Par conclusions notifiées par voie électronique le 30 novembre 2021, auxquelles il est expressément fait référence, la société Clinique du [4] demande à la cour de :
A titre principal :
- déclarer irrecevables, comme étant prescrites, les demandes de M. [Y] [M] tendant à la requalification de ses CDD en CDI à compter du 21 novembre 2016 et à la condamnation de la Clinique du [4] au paiement de la somme de 9750 euros à titre d'indemnité de requalification,
- confirmer en toutes ses dispositions le jugement rendu par le conseil de prud'hommes de Montauban,
- débouter M. [M] de l'intégralité de ses demandes,
- condamner M. [M] à payer à la Clinique du [4] une indemnité de 1500 euros par application de l'
article 700 du code de procédure civile🏛,
- condamner M. [M] aux dépens d'appel.
A titre subsidiaire :
- limiter les condamnations de la Clinique du [4] aux indemnités suivantes:
*3 200 euros au titre de l'indemnité de requalification du CDD du 21 novembre 2016 en CDI,
* 6 496,78 euros à titre de dommages-intérêts pour licenciement sans cause réelle et sérieuse,
- débouter M. [M] de ses demandes plus amples et contraires.
MOTIFS :
Sur la recevabilité des demandes et la requalification des contrats à durée déterminée en contrat à durée indéterminée :
Par application des
articles L.1242-1 et L.1242-2 du code du travail🏛🏛, un contrat à durée déterminée quel qu'en soit son motif, ne peut avoir pour objet ni pour effet de pourvoir durablement un emploi lié à l'activité normale de l'entreprise.

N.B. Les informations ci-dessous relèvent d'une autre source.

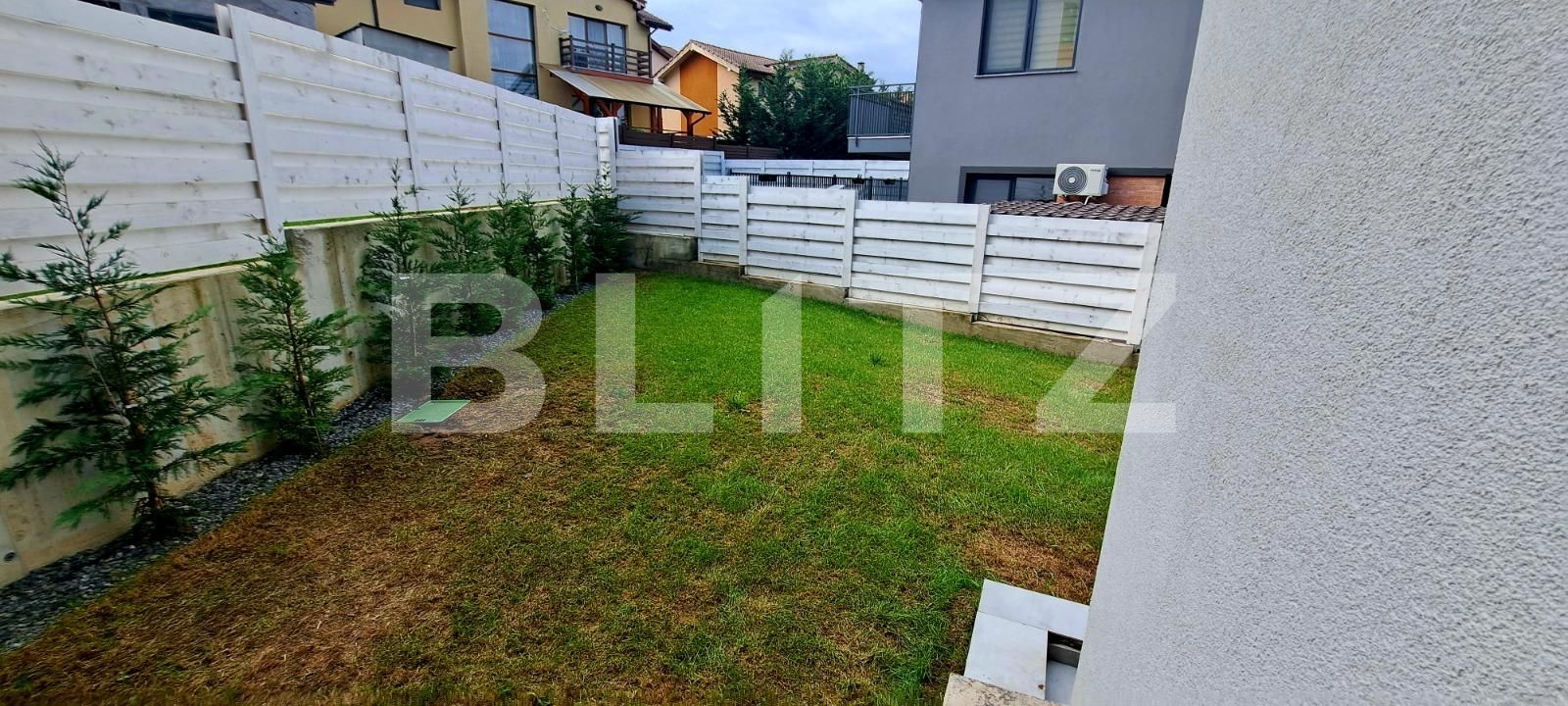 Casa de vânzare 5 camere Borhanci - 135588CV | BLITZ Cluj-Napoca | Poza7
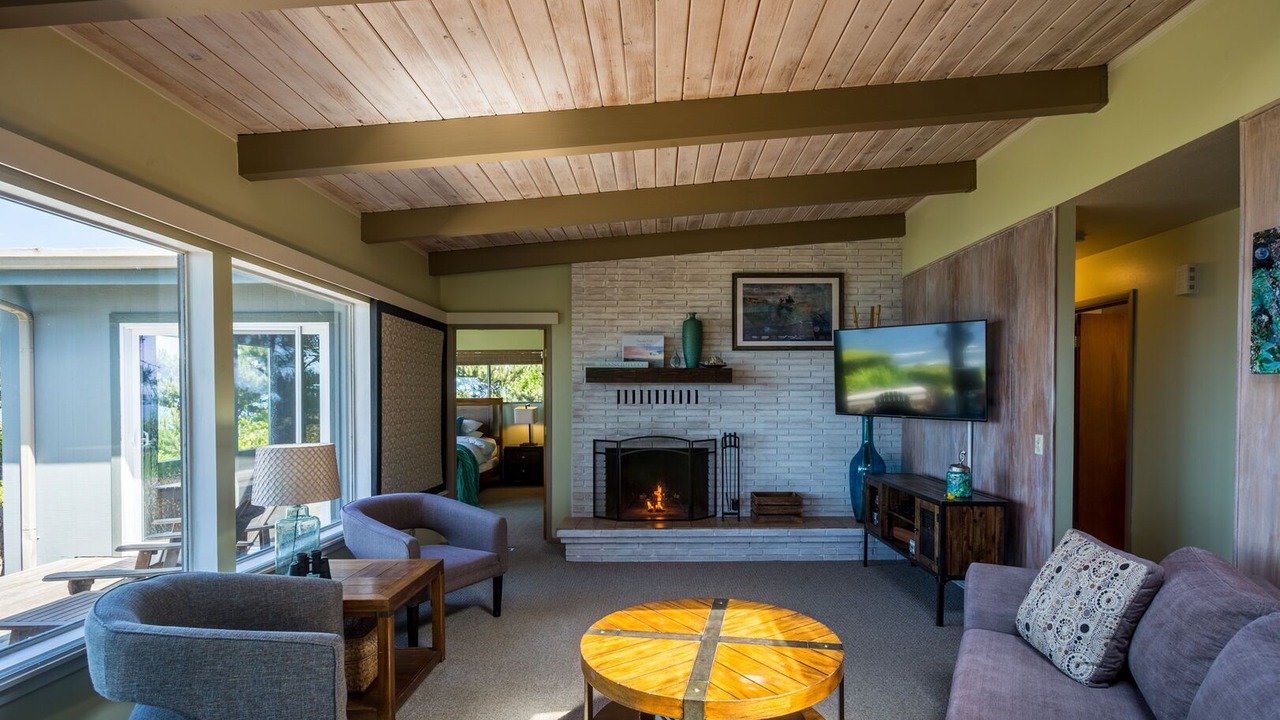 Photo of Others in Seal Rock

Par ailleurs le contrat à durée déterminée est soumis à un certain formalisme, en ce que le motif de recours à ce type de contrat de travail, dérogatoire du droit commun, doit y être précisé.
Il ne peut y avoir de contrat à durée déterminée successifs que dans les conditions et circonstances limitativement énumérées par les
articles L.1244-1, L.1244-2, L.1244-3 et L.1244-4 du code du travail🏛🏛🏛🏛. L'accroissement temporaire d'activité ne fait donc pas partie des cas légaux de recours à des contrats à durée déterminée successifs.
Il existe par ailleurs un délai de carence entre les contrats à durée déterminée qui ne peuvent être successifs.
Il résulte enfin des dispositions de l'
article L 1245-2 du code du travail🏛, qu'en cas de requalification, il est accordé au salarié une indemnité de requalification qui ne peut être inférieure à un mois de salaire.
Aux termes de l'
article L. 1471-1 du code du travail🏛, toute action portant sur l'exécution du contrat de travail se prescrit par deux ans à compter du jour où celui qui l'exerce a connu ou aurait dû connaître les faits lui permettant d'exercer son droit ; il en résulte que le délai de prescription d'une action en requalification d'un contrat à durée déterminée en contrat à durée indéterminée, fondée sur un vice de forme (par exemple l'absence d'une mention au contrat susceptible d'entraîner sa requalification, ou le non respect du délai de remise du contrat au salarié), court à compter de la conclusion de ce contrat ; en revanche le point de départ du délai de prescription de la même action en requalification mais fondée sur un vice de fond, tel qu'un motif illicite ou inopérant de recours au contrat à durée déterminée, est la date du terme du contrat ou, en cas de succession de contrats à durée déterminée, la date de terme du dernier contrat.
En l'espèce, la clinique du [4] soulève la prescription biennale des demandes de M. [M] : celui-ci sollicite la requalification de ses 130 contrats à durée déterminée conclus entre le 21 novembre 2016 et le 2 mai 2018 (date de son embauche en contrat à durée indéterminée) au motif que ceux-ci étaient destinés à répondre à un besoin structurel de main-d'œuvre et donc correspondaient à l'activité pérenne de la clinique.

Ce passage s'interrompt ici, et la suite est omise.